ETL Workshop

Presented by:

Manuel Alejandro Gruezo [email protected]

📝 Introduction

Exploratory Data Analysis (EDA) is a crucial step in any data science project, as it allows us to better understand the structure, relationships, and patterns within the data before conducting any advanced modeling or analysis.

In this project, we will work with a synthetic dataset focused on candidate applications, containing details such as names, countries, years of experience, technologies, seniority levels, and interview scores.

Data Description

The dataset contains various features, including:

Personal Information: Candidate's name, email, country, and application date.
Experience & Skills: Years of experience (YOE), seniority level, technology specialization.
Assessment Scores: Code challenge and technical interview scores.
Hiring Status: A binary indicator of whether the candidate was hired based on their scores.

Feature	Variable Type	Variable	Value Type
First Name	Personal Information	first_name	string
Last Name	Personal Information	last_name	string
Email	Personal Information	email	string
Application Date	Personal Information	application_date	date
Country	Personal Information	country	string
Years of Experience (YOE)	Experience & Skills	yoe	integer
Seniority	Experience & Skills	seniority	string
Technology	Experience & Skills	technology	string
Code Challenge Score	Assessment Scores	code_challenge_score	integer
Technical Interview Score	Assessment Scores	technical_interview_score	integer
Hired	Hiring Status	hired	binary (0 = not hired, 1 = hired)

🎯 Objectives of the ETL

📊 Understanding Data Distribution: Analyze the distribution of individual variables to identify outliers, missing values, and understand the nature of the data.
🔗 Exploring Relationships Between Variables: Investigate possible correlations between different variables that might be useful for subsequent modeling.
🔍 Identifying Patterns and Trends: Search for patterns and trends in the data that could reveal relevant information for the project’s objectives.
🛠️ Data Preparation: Perform the necessary transformations to clean and prepare the data for analysis and modeling.

Tools Used

Python
Jupyter Notebooks
PostgreSQL
Power BI
SQLAlchemy

Repository Organization

data: This folder contains the CSV files used in the project.
notebooks: This folder contains the Jupyter notebooks used for data migration, exploratory data analysis, and data transformation.
src: This folder contains the Python code responsible for connecting to the database and managing the data models.

Requirements

Install Python: Python Downloads
Install PostgreSQL: PostgreSQL Downloads
Install Power BI: Install Power BI Desktop

Environment Variables

To run this project, you will need to add the following environment variables to your .env file (place the file in the root of the project):

PGDIALECT - Specifies the PostgreSQL dialect for the connection.
PGUSER - The username for authenticating against the PostgreSQL database.
PGPASSWD - The password associated with the PostgreSQL user.
PGHOST - The address of the PostgreSQL database server.
PGPORT - The port on which the PostgreSQL server is listening.
PGDB - The name of the database to connect to.
WORK_DIR - The working directory for the application.

Notebooks

1. Data Migration

File: Data_Setup.ipynb
Description: Imports the CSV file, transforms it, and migrates it to a relational PostgreSQL database using SQLAlchemy. In this step, the necessary tables are also created in the database.

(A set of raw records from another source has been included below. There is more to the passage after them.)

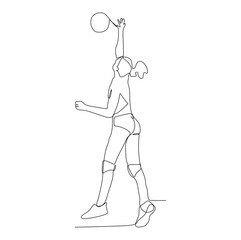 Wall Mural - Single line drawing of young male professional volleyball player exercising jumping serve on court vector illustration. Team sport concept. Tournament event. Modern continuous line draw design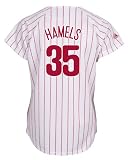 Cole Hamels Philadelphia Phillies Women's White/Scarlet Fashion Replica Jersey (Large)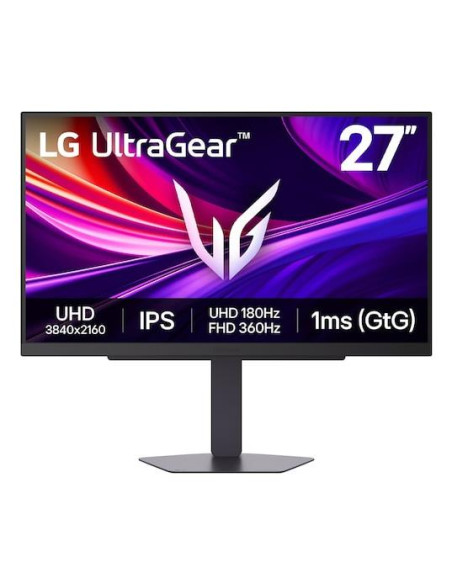 LCD Monitor, LG, 27 ", 3840 x 2160 pixels, 4K Ultra HD, Native aspect ratio 16:9, LCD, Flat, 27G810A-B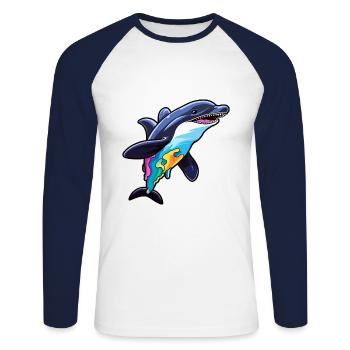 Orca Colorful Watercolor Cartoon Kawaii Animal - Unisex Long Sleeve Baseball T-Shirt - white/navy - Front - Nik (191cm)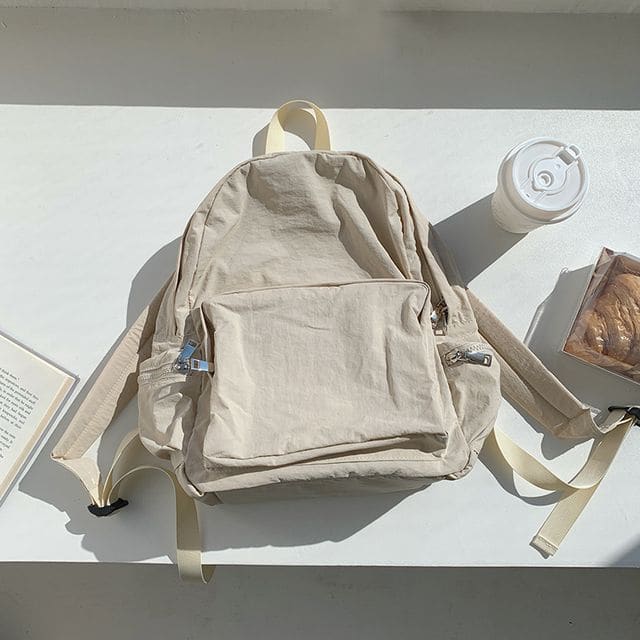 Nylon Plain Zip Backpack - Khaki / One Size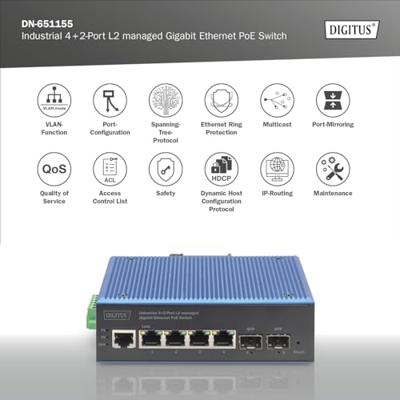 Digitus DN-651155 Industrial Ethernet Switch 4 x 2 poorten 1 GBit/s Digitus DN-651155 Industrial Ethernet Switch 4 x 2 poorten 1 GBit/s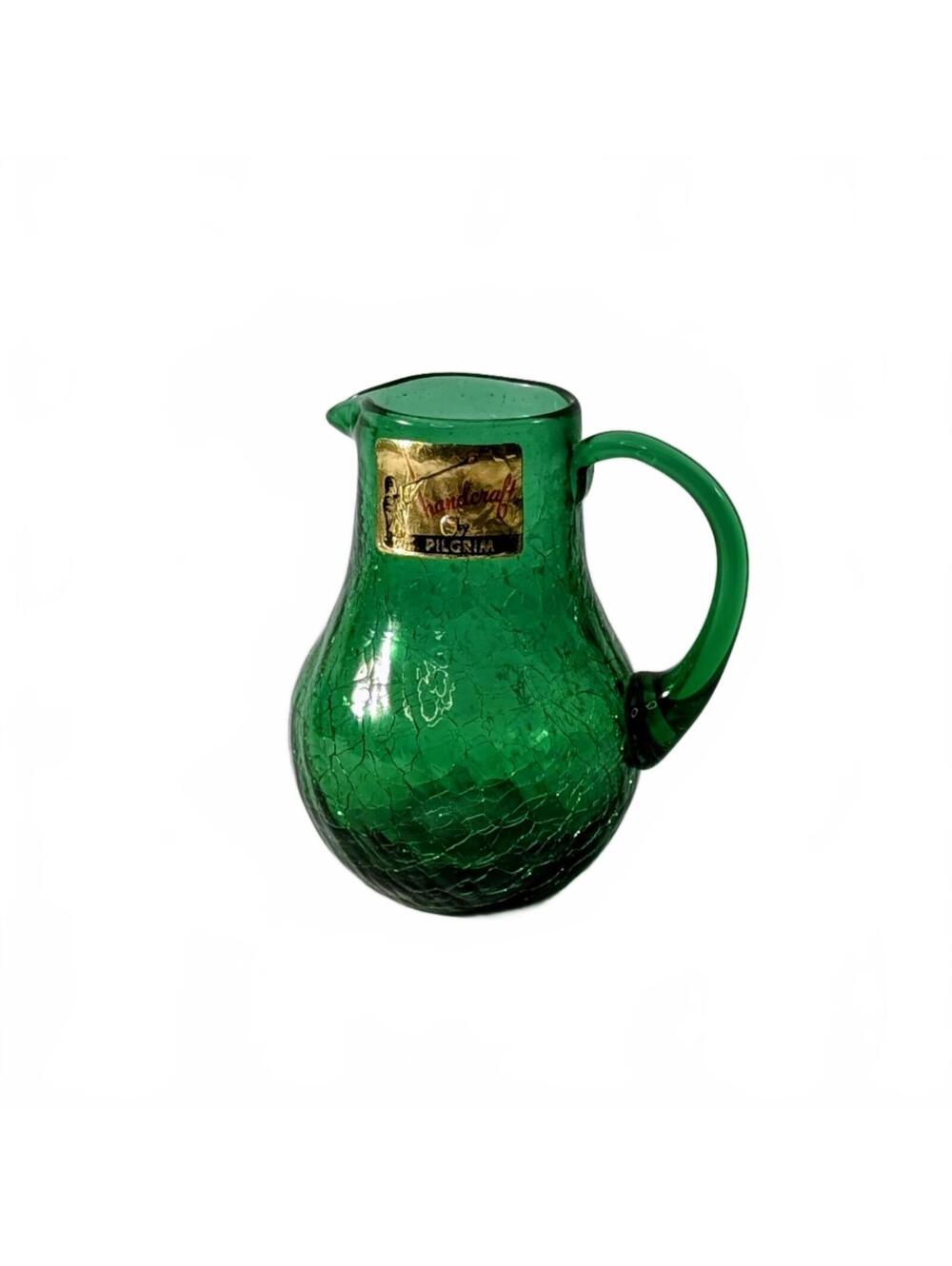 Vtg Pilgrim Green Hand-blown Crackle Glass Pitcher, 3.5"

2. Exploratory Data Analysis (EDA)

File: EDA.ipynb
Description: Performs exploratory analysis of the data loaded into the database. This includes identifying null values, reviewing data types, analyzing data distribution, and searching for patterns and correlations.

3. Data Transformation

File: Data_Transformation.ipynb
Description: Performs deeper data transformation, such as creating new columns (e.g., the Hired column) and categorizing technologies. The transformed data is loaded back into the database.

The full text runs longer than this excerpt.